Evaluate $\int \frac{\sqrt{\sin^4x+\cos^4x}}{\sin^3x\cos x}dx$ $$\int \dfrac{\sqrt{\sin^4x+\cos^4x}}{\sin^3x\cos x}$$
My multiple attempts are as follows:-
Attempt $1$:
$$\int \dfrac{\sqrt{1-2\sin^2x\cos^2x}\cdot\sin x}{\sin^4x\cos x}dx$$
$$\cos x=t$$
$$-\sin x=\dfrac{dt}{dx}$$
$$\int -\dfrac{\sqrt{1-2t^2(1-t^2)}}{t(1-t^2)^2}dt$$
$$\int -\dfrac{\sqrt{2t^4+1-2t^2}}{t(1+t^4-2t^2)}dt$$
$$\int -\dfrac{\sqrt{2t^2+\dfrac{1}{t^2}-2}}{1+t^4-2t^2}dt$$
$$\int -\dfrac{\sqrt{2t^2+\dfrac{1}{t^2}-2}}{\left(\dfrac{1}{t^2}+t^2-2\right)t^2}dt$$
$$\int -\dfrac{\sqrt{\dfrac{2}{t^2}+\dfrac{1}{t^6}-\dfrac{2}{t^4}}}{\left(\dfrac{1}{t^2}+t^2-2\right)}dt$$
Not finding the way to proceed from here.
Attempt $2$:
$$\int \dfrac{\sqrt{\tan^4x+1}\cos x}{\sin^3 x}dx$$
$$\int \dfrac{\sqrt{\tan^4x+1}}{\tan^3 x\cos^2x}dx$$
$$\tan x=t$$
$$\int \dfrac{\sqrt{t^4+1}}{t^3}dt$$
$$t=\sqrt{\tan\theta}$$
$$\dfrac{dt}{d\theta}=\dfrac{1}{2\sqrt{\tan\theta}}\sec^2\theta$$
$$\int \dfrac{\sec\theta\sec^2\theta}{2\tan^2\theta}d\theta$$
$$\int \dfrac{\sec\theta}{2\sin^2\theta}d\theta$$
$$\int \dfrac{\cos\theta}{2\sin^2\theta\cos^2\theta}d\theta$$
$$y=\sin\theta$$
$$\int \dfrac{dy}{2y^2(1-y^2)}$$
$$-\dfrac{1}{2}\cdot\int\dfrac{y^2-(y^2-1)}{y^2(y^2-1)}dy$$
$$-\dfrac{1}{2}\cdot\left(\dfrac{1}{2}\cdot\ln\left|\dfrac{y-1}{y+1}\right|+\dfrac{1}{y}\right)+C$$
$$-\dfrac{1}{4}\cdot\ln\left|\dfrac{\sin\theta-1}{\sin\theta+1}\right|-\dfrac{1}{2\sin\theta}+C$$
$$-\dfrac{1}{4}\cdot\ln\left|\dfrac{t^2-\sqrt{1+t^4}}{t^2+\sqrt{1+t^4}}\right|-\dfrac{\sqrt{1+t^4}}{2t^2}+C$$
$$-\dfrac{1}{4}\cdot\ln\left|\dfrac{\tan^2x-\sqrt{1+\tan^4x}}{\tan^2x+\sqrt{1+\tan^4x}}\right|-\dfrac{\sqrt{1+\tan^4x}}{2\tan^2x}+C$$
$$-\dfrac{1}{4}\cdot\ln\left|\dfrac{1-\sqrt{\cot^4x+1}}{1+\sqrt{\cot^4x+1}}\right|-\dfrac{\sqrt{1+\cot^4x}}{2}+C$$
But real answer is $-\dfrac{\mathrm{cosec}x}{2}-\dfrac{1}{4}\cdot\ln\left|\dfrac{\mathrm{cosec}x-1}{\mathrm{cosec}x+1}\right|+C$
What am I missing here?
 A: Claim. The "real answer" is incorrect.

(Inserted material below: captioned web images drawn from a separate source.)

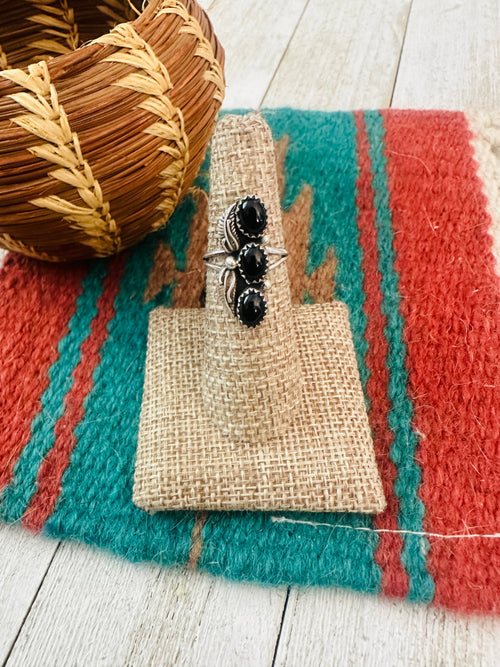 Old Pawn Navajo Sterling Silver & Onyx Ring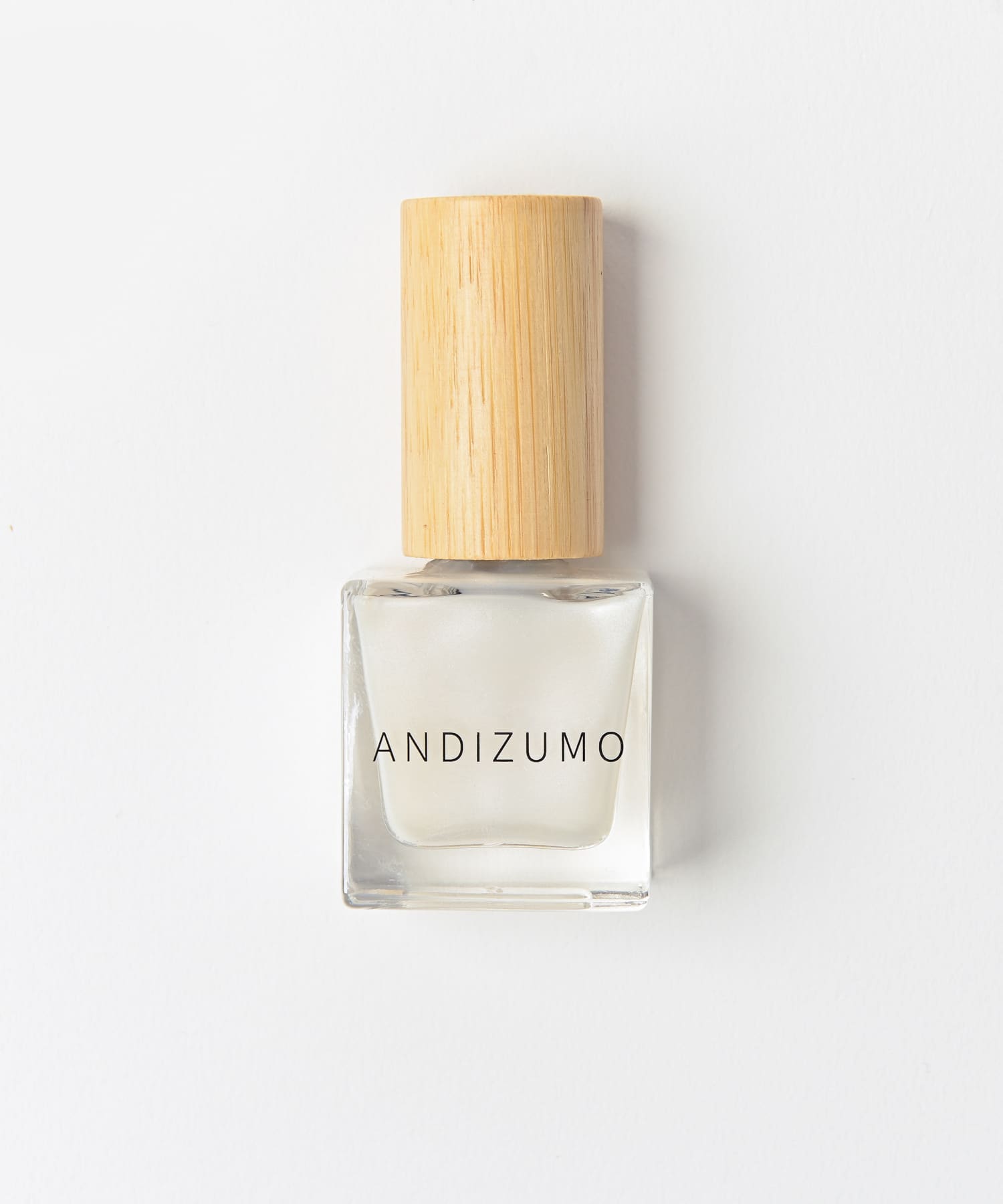 ANDIZUMO　ネイルカラー白兎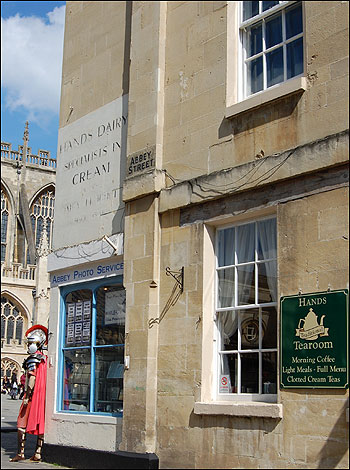 Hands Tea Room, Abbey St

Proof. Let $\csc(x)=\frac1{\sin(x)}$ and $\sec(x)=\frac1{\cos(x)}$. Then, for the given solution at points where $\frac{\csc(x)-1}{\csc(x)+1}>0$,  $$\frac{\mathrm d}{\mathrm dx}\bbox[10px,#ffd]{\frac{1}{4} \big(-2\csc (x)-\log (\csc (x)-1)+\log (\csc (x)+1)\big)}=\frac{\csc(x)}{4} \left(2 \cot (x)+\underbrace{\frac{\cot(x)}{\csc (x)-1}-\frac{\cot
   (x)}{\csc (x)+1}}_{\large =2\tan(x)}\right)=\frac{\csc(x)}2(\tan(x)+\cot(x))=\csc(x)\csc(2x)$$
which does not equal your original function. $\square$
Claim. Your solution is correct.
(Constructive) proof. After $$\int \frac{\sqrt{t^4+1}}{t^3}\,\mathrm dt$$ we can continue with the substitution $u=t^{-4}$ and $\,\mathrm du=-4t^{-5}\,\mathrm dt$ to obtain $$-\frac14\int \frac{\sqrt{u+1}}u\,\mathrm du=-\frac12\int\frac{u+1}{2u\sqrt{u+1}}\,\mathrm du\overset{s=\sqrt{u+1}}=-\frac12\int\frac{s^2}{s^2-1}\,\mathrm ds=-\frac s2+\frac14\ln\left|\frac{s+1}{s-1}\right|+C$$
Since $s=\sqrt{1+t^{-4}}=\sqrt{1+\cot^4(x)}$, we get exactly your expression. $\square$
Remark. The integral can also be written as $$\frac{1}{2} \operatorname{arcsinh}\left(\tan ^2(x)\right)-\frac{1}{2} \sqrt{\tan ^4(x)+1} \cot
   ^2(x)$$
A: Continue  the second approach below with integration by parts
$$I=\int \dfrac{\sqrt{t^4+1}}{t^3}d
=-\frac12 \frac{1+t^4}{t^2} +\int \frac{tdt}{\sqrt{1+t^4}}dt$$
where 
$$\int \frac{tdt}{\sqrt{1+t^4}}=\frac12 \int \frac{d(t^2)}{\sqrt{1+(t^2)^2}}=\frac12 \sinh^{-1}t^2
$$
Thus,
$$I =- \frac{1+t^4}{2t^2} +\frac12 \sinh^{-1}t^2+C$$